2. We come to assessee's appeal ITA No.3158/Ahd/2015. It raises two substantive grounds therein. The first one seeks to reverse both the lower authorities' action invoking Section 14A r.w. Rule 8D disallowance of Rs.3,18,172/-. We notice at the outset that both the lower authorities follow their respective findings right from assessment year 2008-09 to 2011-12 in order to compute the impugned disallowance under the newly introduced computation provision i.e. Rule 8D of the Income Tax Rules. Case records reveal that the assessee's appeals against the said corresponding disallowance stand accepted on 08.04.2016 and 14.09.2017. It has come on record that the said co-ordinate benches have deleted identical disallowances in earlier assessment years. We therefore follow consistency to delete the impugned disallowance for want of an appropriate satisfaction u/s.14A(2) of the Act. The assessee's former substantive ground succeeds.

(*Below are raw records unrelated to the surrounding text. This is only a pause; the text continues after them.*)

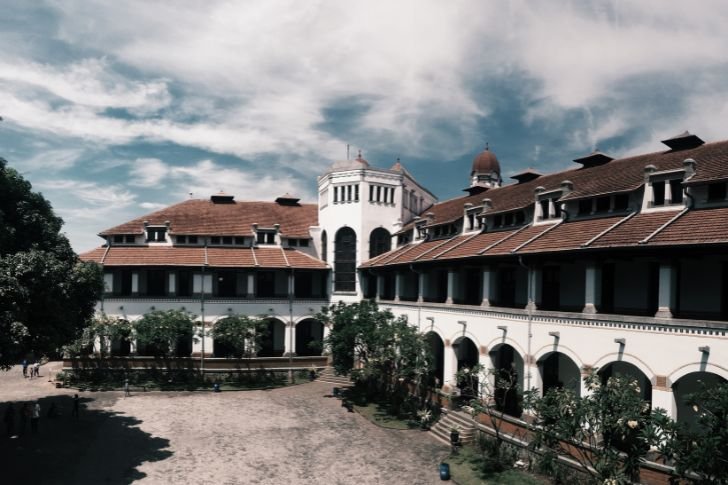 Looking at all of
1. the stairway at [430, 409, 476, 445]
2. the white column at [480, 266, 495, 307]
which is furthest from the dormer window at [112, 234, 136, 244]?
the white column at [480, 266, 495, 307]

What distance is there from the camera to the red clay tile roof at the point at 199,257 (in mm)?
42656

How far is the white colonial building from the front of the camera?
1936cm

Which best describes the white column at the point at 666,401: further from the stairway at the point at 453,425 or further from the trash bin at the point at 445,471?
the stairway at the point at 453,425

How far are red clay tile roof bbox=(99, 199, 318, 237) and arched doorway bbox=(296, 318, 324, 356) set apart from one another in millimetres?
8881

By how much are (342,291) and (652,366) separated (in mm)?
31134

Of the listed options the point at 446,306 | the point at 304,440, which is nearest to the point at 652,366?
the point at 446,306

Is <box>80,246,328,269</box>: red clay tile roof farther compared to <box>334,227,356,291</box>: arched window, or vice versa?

3. The assessee's second substantive ground as well as Revenue's first substantive grievance arises against the CIT(A)'s findings affirming Section 40(A)(2)(b) disallowance of Rs.4,18,05,272/- as upheld to the tune of Rs.1,56,81,564/- in lower appellate proceedings as follows:
"5.2 I have considered the assessment order and the submissions made by the appellant. The AO noted that during the year under consideration, the MD of the appellant company Shri K.H. Javeri received remuneration amounting to Rs.4,52,51,059/- and the Executive Director Shri Abhishek K. Javeri received Rs.1,62,94,505/- as remuneration. It has been noted by the AO that there was five-fold increase in remuneration to Shri K.H. Javeri over 7 to 8 years and an increase of 36 times to Shri Abhishek K. Javeri in a period of 5 to 6 years. A perusal of the submission made by the appellant shows that the appellant has reiterated the submissions made during the assessment proceedings that the ITA Nos. 3158 & 3340/Ahd/15 [Patel Alloy Steel Pvt. Ltd.] AY: 2012-13 -3- increase in remuneration was decided by the Board of Directors. The appellant has not made out any case or submitted any evidence to show that there was any improvement or alteration in the services rendered by the directors towards the company. There has not been any substantial increase in the turnover of the company during the year under consideration either.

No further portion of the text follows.